Towards self-correcting quantum codes for neutral atom arrays

Abstract: Discovering low-overhead quantum error-correcting codes is of significant interest for fault-tolerant quantum computation. For hardware capable of long-range connectivity, the bivariate bicycle codes offer significant overhead reduction compared to surface codes with similar performance.
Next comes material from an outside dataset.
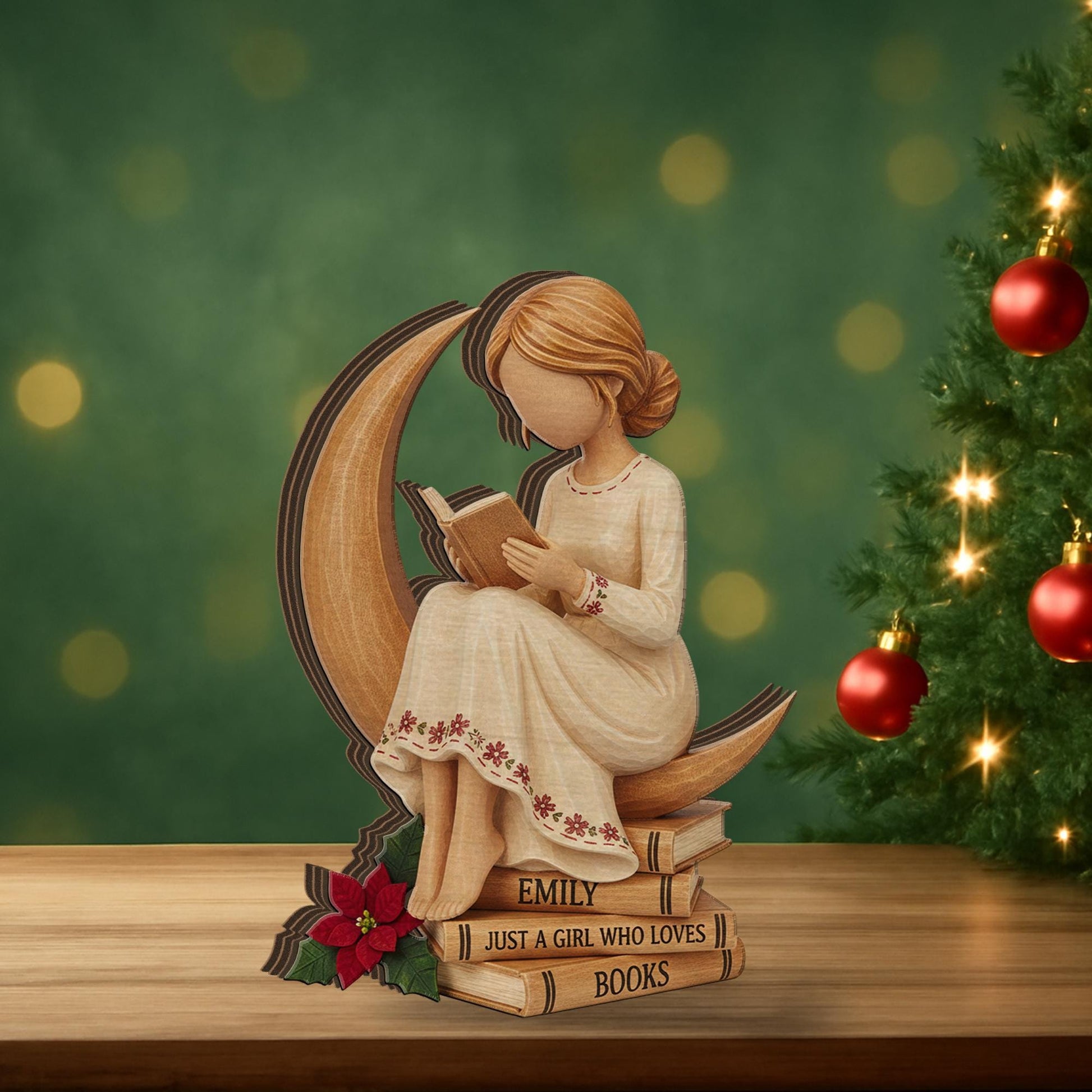 Custom Wooden Reader Figurine: Girl Reading on Moon Wood Blocks image 3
In this work, we present "ZSZ codes", a simple non-abelian generalization of the bivariate bicycle codes based on the group $\mathbb{Z}_\ell \rtimes \mathbb{Z}_m$. We numerically demonstrate that certain instances of this code family achieve competitive performance with the bivariate bicycle codes under circuit-level depolarizing noise using a belief-propagation and ordered-statistics decoder, with an observed threshold around $0.5\%$. We also benchmark the performance of this code family under local "self-correcting" decoders, where we observe significant improvements over the bivariate bicycle codes, including evidence of a sustainable threshold around $0.095\%$, which is higher than the $0.06\%$ that we estimate for the four-dimensional toric code under the same noise model. These results suggest that ZSZ codes are promising candidates for scalable self-correcting quantum memories. Finally, we describe how ZSZ codes can be realized with neutral atoms trapped in movable tweezer arrays, where a complete round of syndrome extraction can be achieved using simple global motions of the atomic arrays.